> [Study material]:
□ □ □
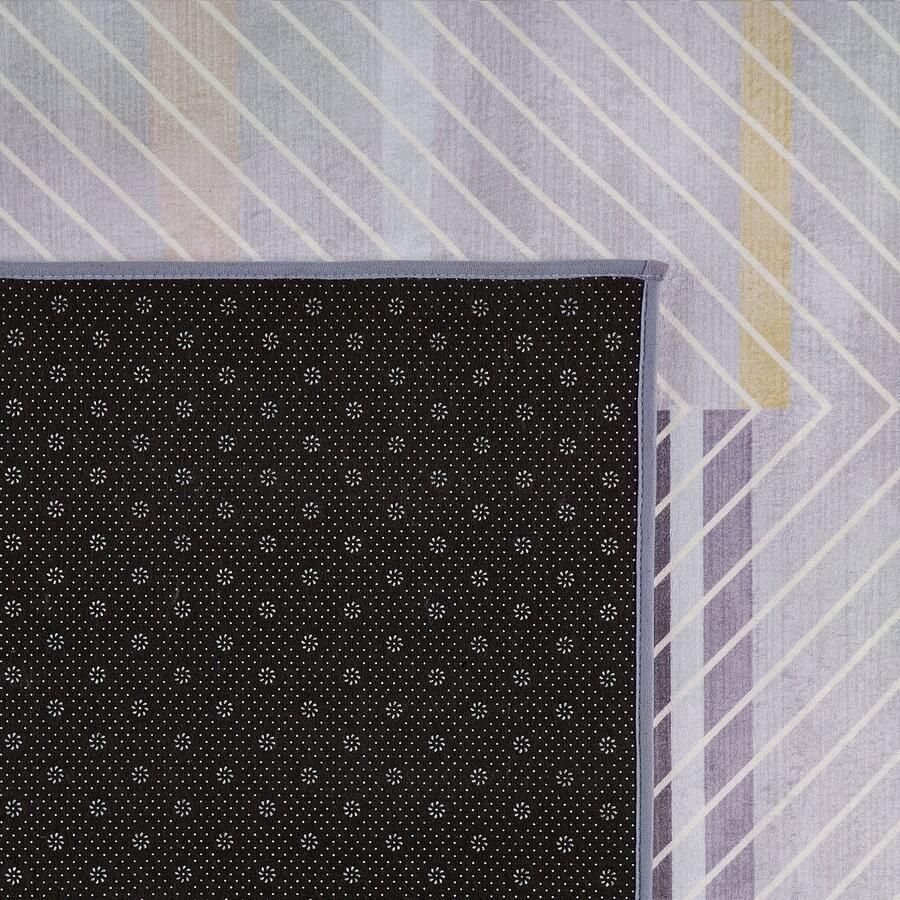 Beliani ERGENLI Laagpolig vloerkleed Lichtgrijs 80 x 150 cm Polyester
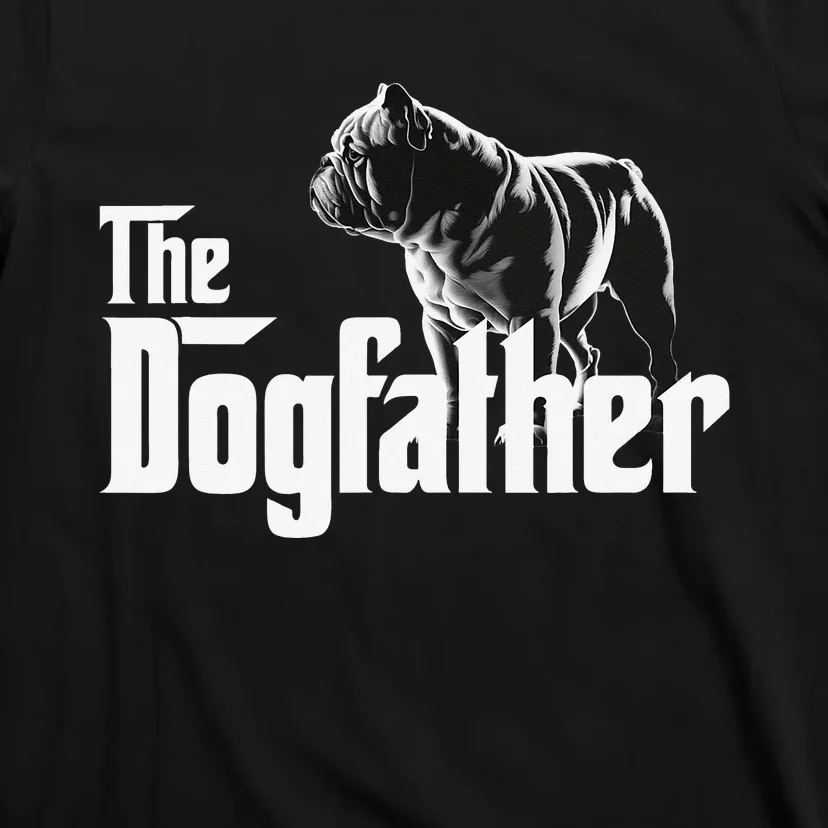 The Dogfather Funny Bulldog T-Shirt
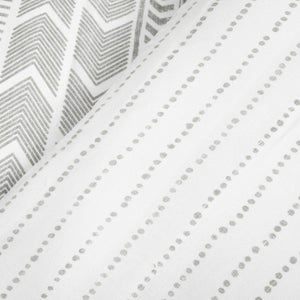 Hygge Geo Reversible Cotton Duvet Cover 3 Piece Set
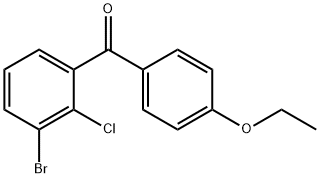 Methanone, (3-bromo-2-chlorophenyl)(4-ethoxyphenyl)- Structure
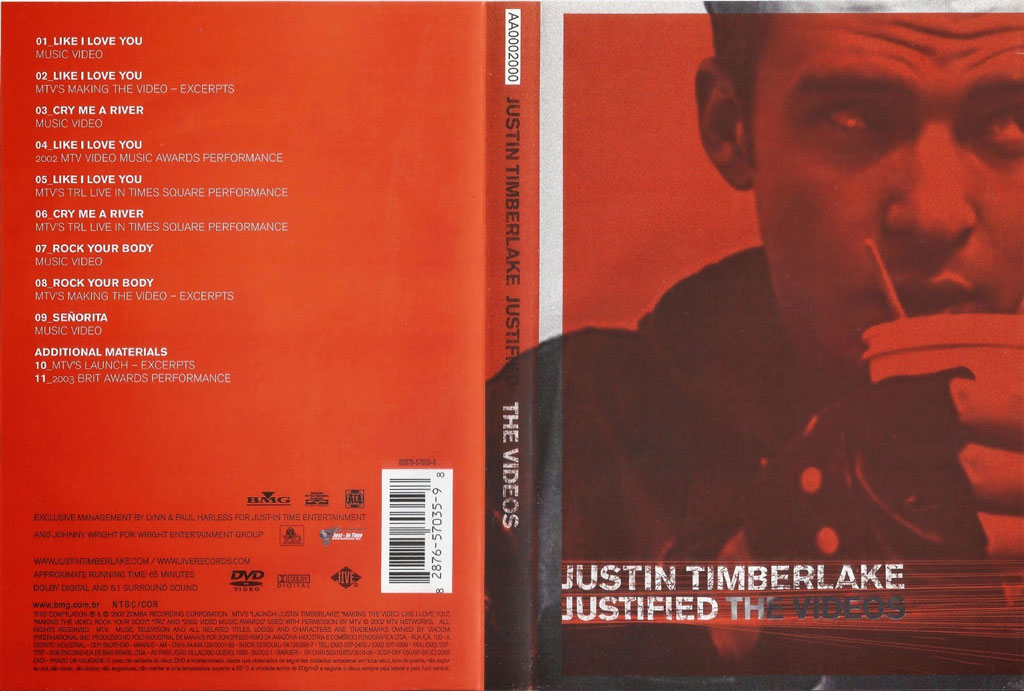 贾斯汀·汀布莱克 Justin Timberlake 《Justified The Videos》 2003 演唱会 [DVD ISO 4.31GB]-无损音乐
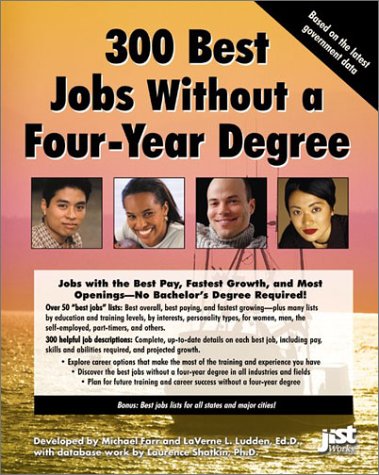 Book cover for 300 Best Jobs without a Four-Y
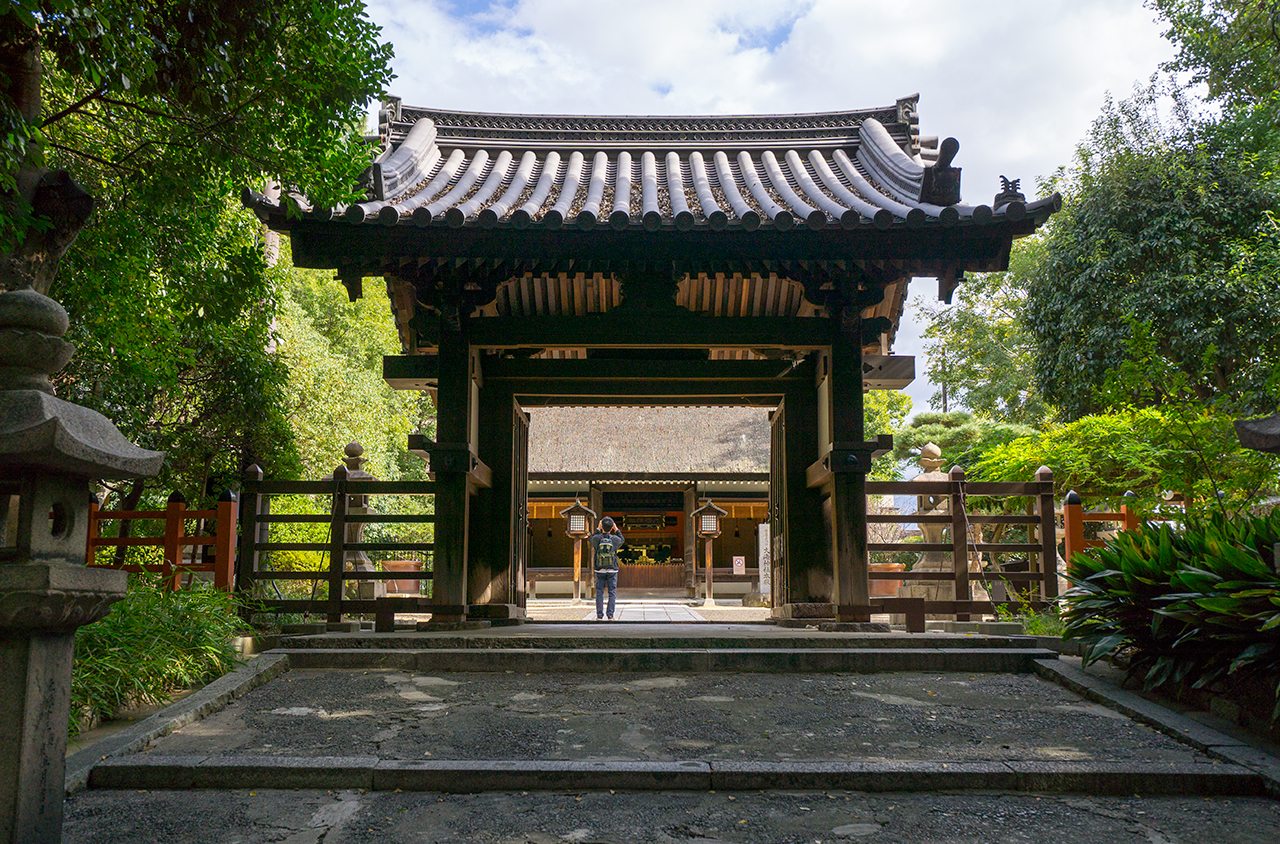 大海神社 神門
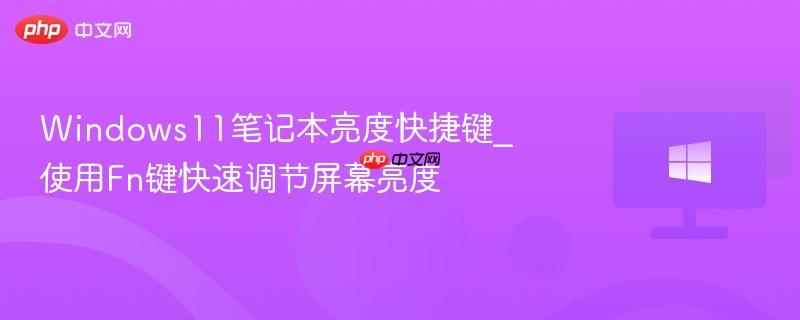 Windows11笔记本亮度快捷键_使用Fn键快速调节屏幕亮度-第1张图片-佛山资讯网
□ □ □
> [Task to carry out]: Nothing but the lines from the one containing "Hygge Geo Reversible" through the last line of the material may appear in the answer, transcribed exactly and with no pictures.

> [Output for this exercise]:
 Hygge Geo Reversible Cotton Duvet Cover 3 Piece Set
 Methanone, (3-bromo-2-chlorophenyl)(4-ethoxyphenyl)- Structure
 贾斯汀·汀布莱克 Justin Timberlake 《Justified The Videos》 2003 演唱会 [DVD ISO 4.31GB]-无损音乐
 Book cover for 300 Best Jobs without a Four-Y
 大海神社 神門
 Windows11笔记本亮度快捷键_使用Fn键快速调节屏幕亮度-第1张图片-佛山资讯网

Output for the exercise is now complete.